I have worked in the healthcare data space for over three decades. The ONE challenge I continue to face is the demand for information far exceeds the supply of analytic resources in healthcare. There is a never-ending backlog of requests for data and reports. Even with all the technological advances, we still need to ask a question months before we need the answer.

Not data Illiterate

Back in the 1800s when the telephone was invented, the demand for communication soon surpassed what switchboard operators could manage. To meet the demand, every person wanting to make a telephone call needed to become their own switchboard operator. This really happened! People learned a new skill, technology advanced, and today, everyone places their own phone calls.

We can learn a lot from history.

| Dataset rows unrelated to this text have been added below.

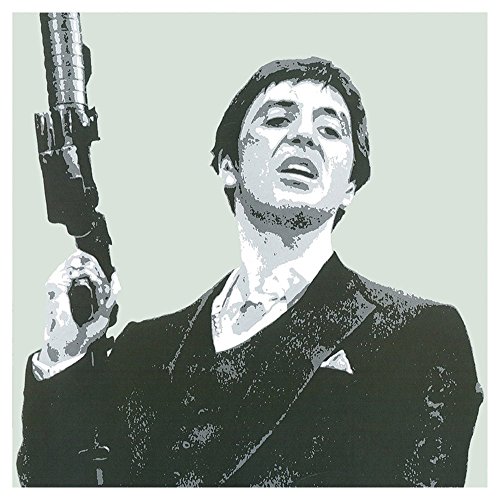 Scarface Tony Montana Gun in Air Cream - Pop Art Print - 30x30cm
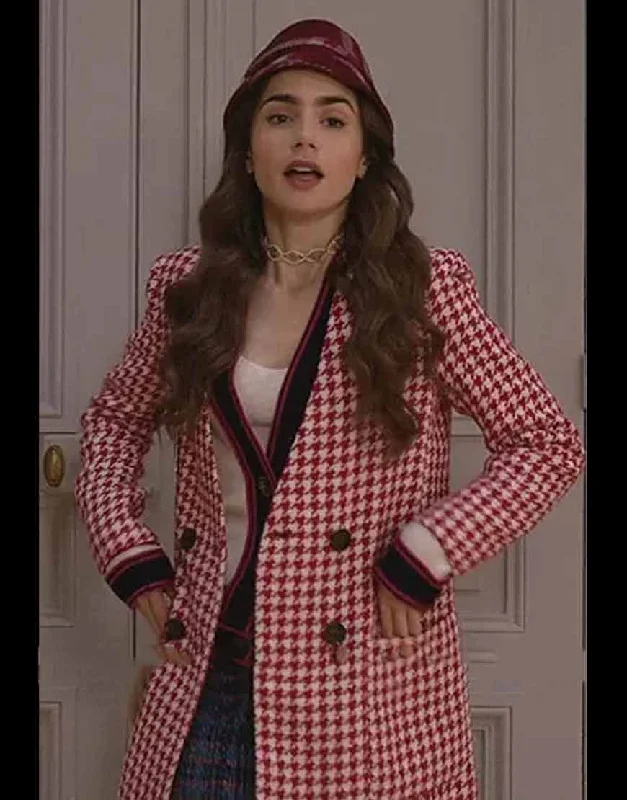 Lily Collins Emily in Paris Hounds Tooth Coat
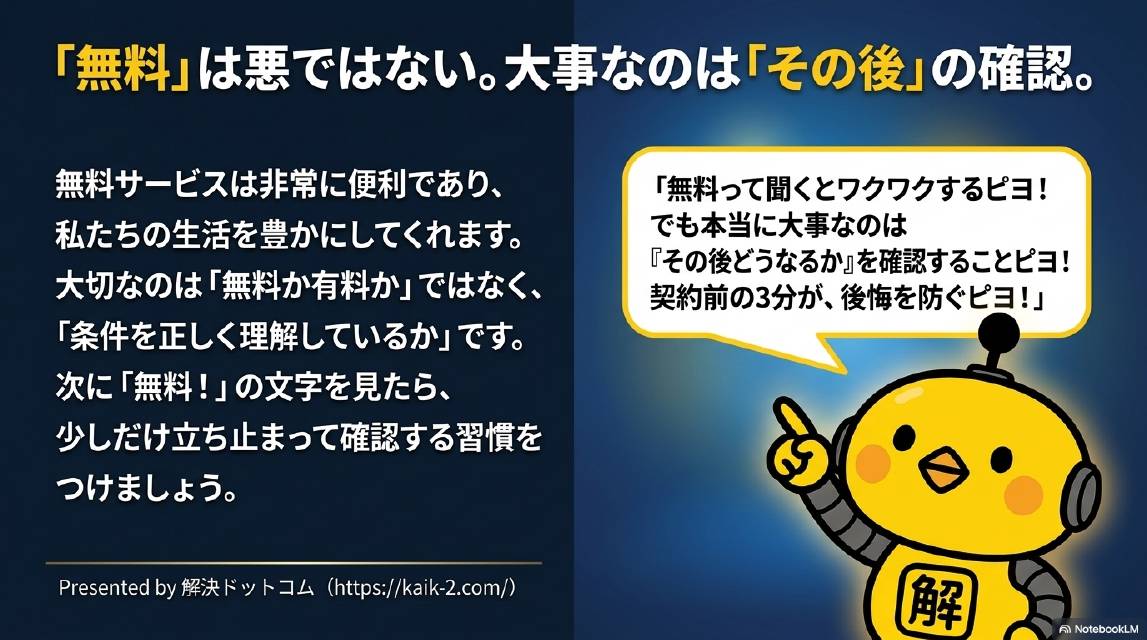 「無料」は悪ではない。大事なのは「その後」の確認。無料サービスは非常に便利であり、私たちの生活を豊かにしてくれます。大切なのは「無料か有料か」ではなく「条件を正しく理解しているか」です。次に「無料！」の文字を見たら少しだけ立ち止まって確認する習慣をつけましょう。カイピヨくん：無料って聞くとワクワクするピヨ！でも本当に大事なのは「その後どうなるか」を確認することピヨ！契約前の3分が後悔を防ぐピヨ！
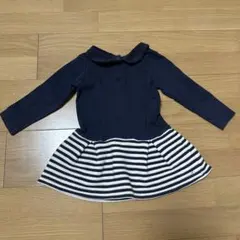 Petit Bateau ネイビー ストライプ ワンピース 24M 86cm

When something becomes critical in our way of life, everyone eventually learns and engages. I believe we need to follow the same trajectory with healthcare data analytics. To meet the demand, everyone needing information must learn how to interact with data independently AND technology needs to enable this. Data is not the new oil in our world; it’s the new oxygen.

Data Literacy is all the buzz these days, but is it really a silver bullet? Personally, I don’t think it’s appropriate to refer to our “business” people as being data illiterate. The business knows their data. The business knows their business better than anyone in IT ever will. We shouldn’t be telling the business they need to take classes to learn about data models and data management. We, the technologists, need to simply pull back the curtain, reveal the secret sauce, and provide more transparency into the data landscape! They know their data, they just don’t know enough about what happens between the time they enter it into a system and it shows up incorrectly on a report or a dashboard.

People are still the best asset for organizations to get value from their data. People want to use their data — they want to use it to solve problems, guide their decision-making, and be “data” driven. They know what data can do for them and how they want to use it. They are Data Literate — they just live in a data swamp despite data being collected all around them. Research from Forrester found that between 60 and 73 percent of all enterprise data is never analyzed.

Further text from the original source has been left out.